START The records
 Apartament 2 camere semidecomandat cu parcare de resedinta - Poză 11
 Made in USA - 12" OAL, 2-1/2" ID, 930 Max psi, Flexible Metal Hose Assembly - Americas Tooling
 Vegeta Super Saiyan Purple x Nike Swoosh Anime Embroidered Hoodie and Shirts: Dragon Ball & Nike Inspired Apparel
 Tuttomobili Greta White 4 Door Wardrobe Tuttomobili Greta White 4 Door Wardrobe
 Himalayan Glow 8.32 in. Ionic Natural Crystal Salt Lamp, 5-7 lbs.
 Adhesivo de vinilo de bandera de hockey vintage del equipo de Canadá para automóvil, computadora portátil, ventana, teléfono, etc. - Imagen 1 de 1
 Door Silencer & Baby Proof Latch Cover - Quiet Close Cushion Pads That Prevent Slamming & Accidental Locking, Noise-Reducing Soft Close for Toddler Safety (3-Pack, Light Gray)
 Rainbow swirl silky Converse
END The records
START The records
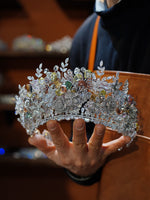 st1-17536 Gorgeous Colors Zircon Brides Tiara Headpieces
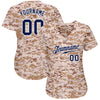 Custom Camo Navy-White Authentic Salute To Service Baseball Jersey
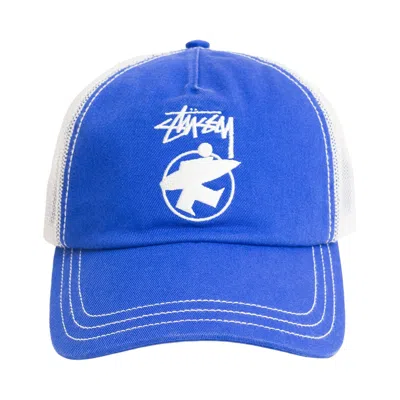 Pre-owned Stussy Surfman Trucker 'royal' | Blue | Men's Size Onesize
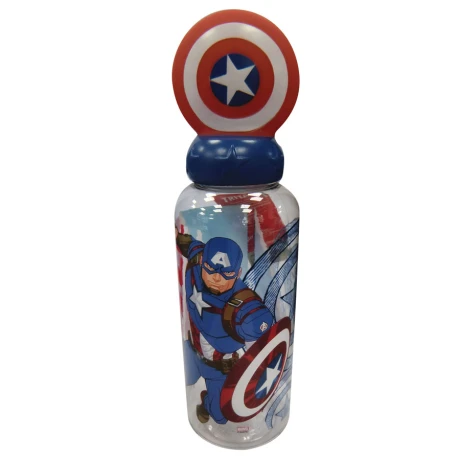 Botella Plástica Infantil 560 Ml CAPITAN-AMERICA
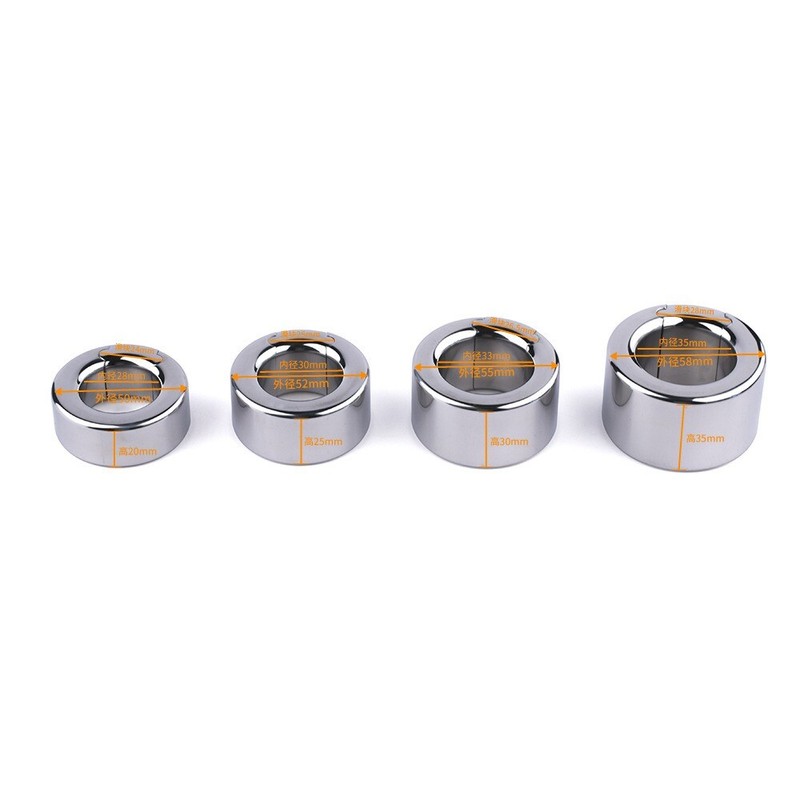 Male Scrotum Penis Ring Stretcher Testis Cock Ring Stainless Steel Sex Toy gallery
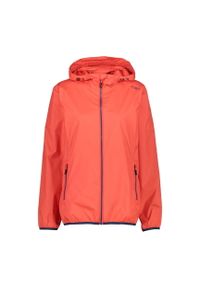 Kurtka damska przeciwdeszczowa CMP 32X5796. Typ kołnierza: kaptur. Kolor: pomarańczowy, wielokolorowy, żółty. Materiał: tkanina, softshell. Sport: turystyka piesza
END The records
# Task brief
Find the number of lines in the data above that contain "Door". Please give that number alone.

# Task answer
2